(Items from a dataset)
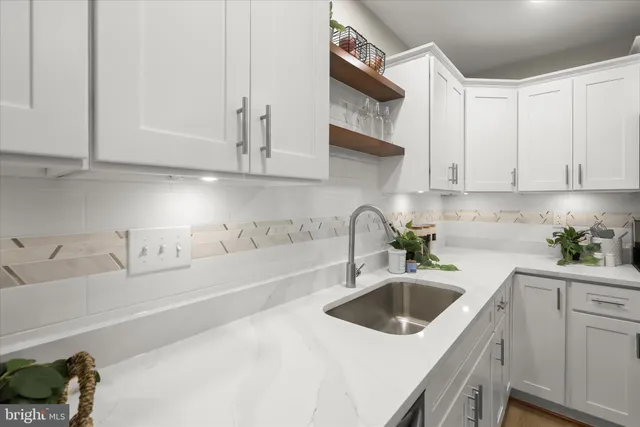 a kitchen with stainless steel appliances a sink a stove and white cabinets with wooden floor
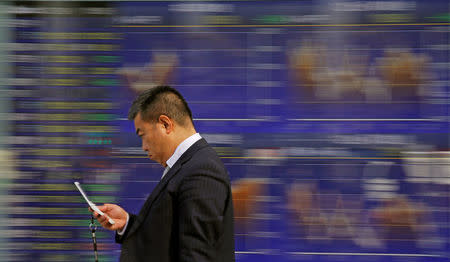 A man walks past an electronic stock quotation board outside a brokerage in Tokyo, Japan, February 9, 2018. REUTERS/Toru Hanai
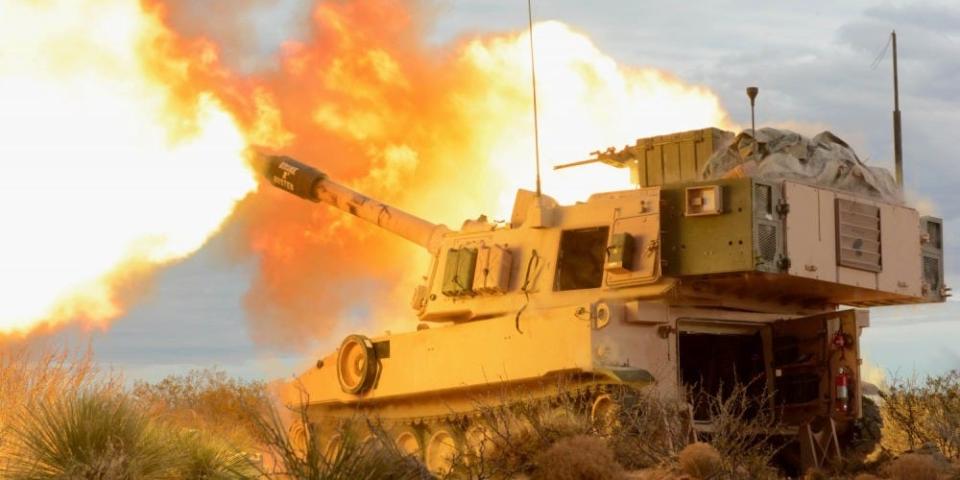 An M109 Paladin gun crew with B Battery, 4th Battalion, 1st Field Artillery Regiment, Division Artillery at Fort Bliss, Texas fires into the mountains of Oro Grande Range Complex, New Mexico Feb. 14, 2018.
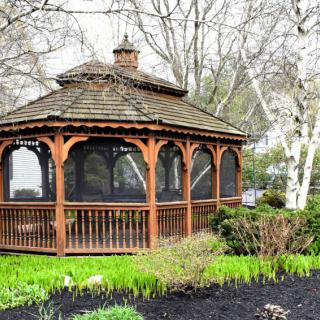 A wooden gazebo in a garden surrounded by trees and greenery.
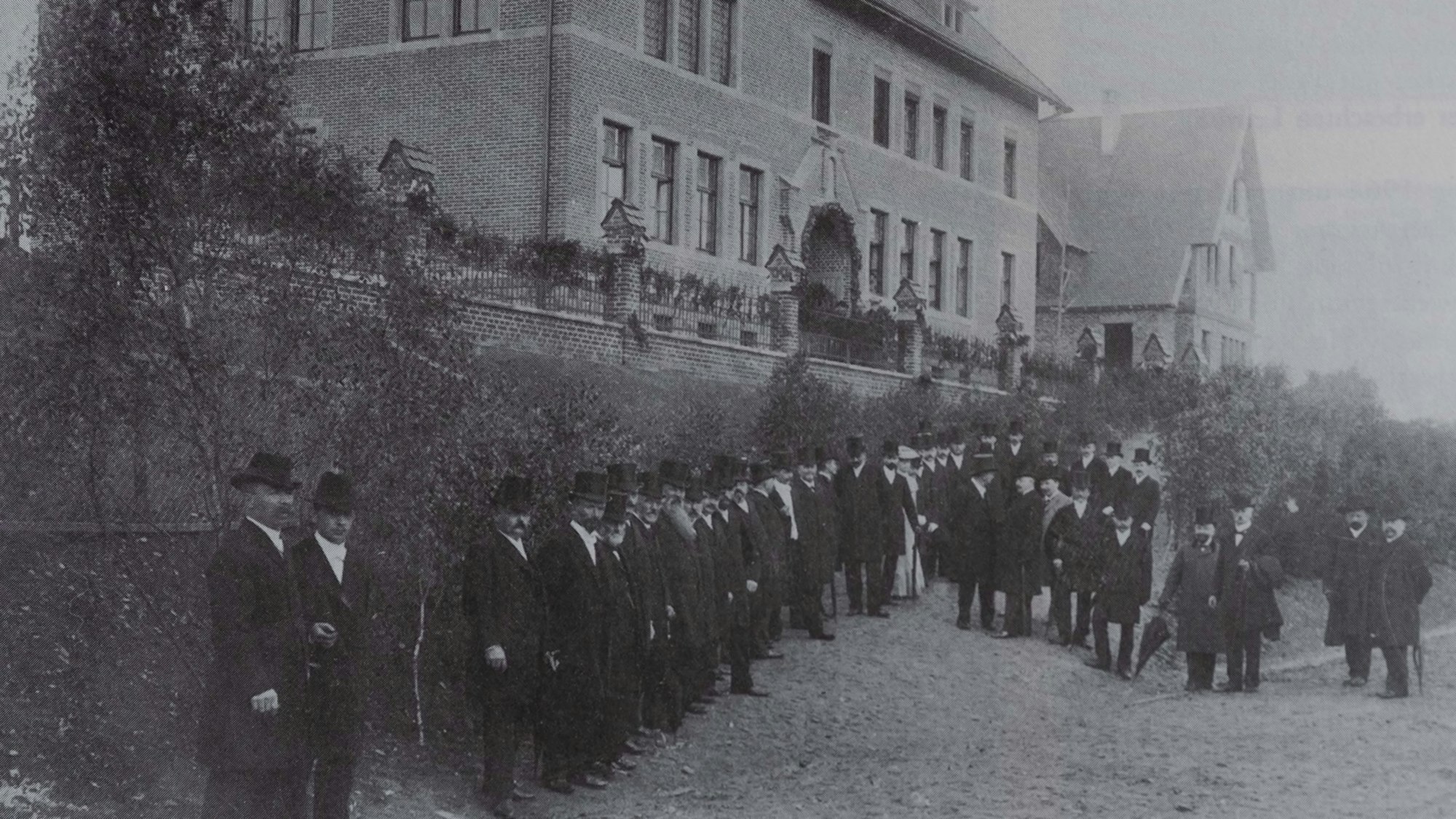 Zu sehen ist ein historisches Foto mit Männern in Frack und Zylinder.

▶ Description of the task
The task calls for duplicating the data exactly, with no images kept.

▶ Exercise solution
 a kitchen with stainless steel appliances a sink a stove and white cabinets with wooden floor
 A man walks past an electronic stock quotation board outside a brokerage in Tokyo, Japan, February 9, 2018. REUTERS/Toru Hanai
 An M109 Paladin gun crew with B Battery, 4th Battalion, 1st Field Artillery Regiment, Division Artillery at Fort Bliss, Texas fires into the mountains of Oro Grande Range Complex, New Mexico Feb. 14, 2018.
 A wooden gazebo in a garden surrounded by trees and greenery.
 Zu sehen ist ein historisches Foto mit Männern in Frack und Zylinder.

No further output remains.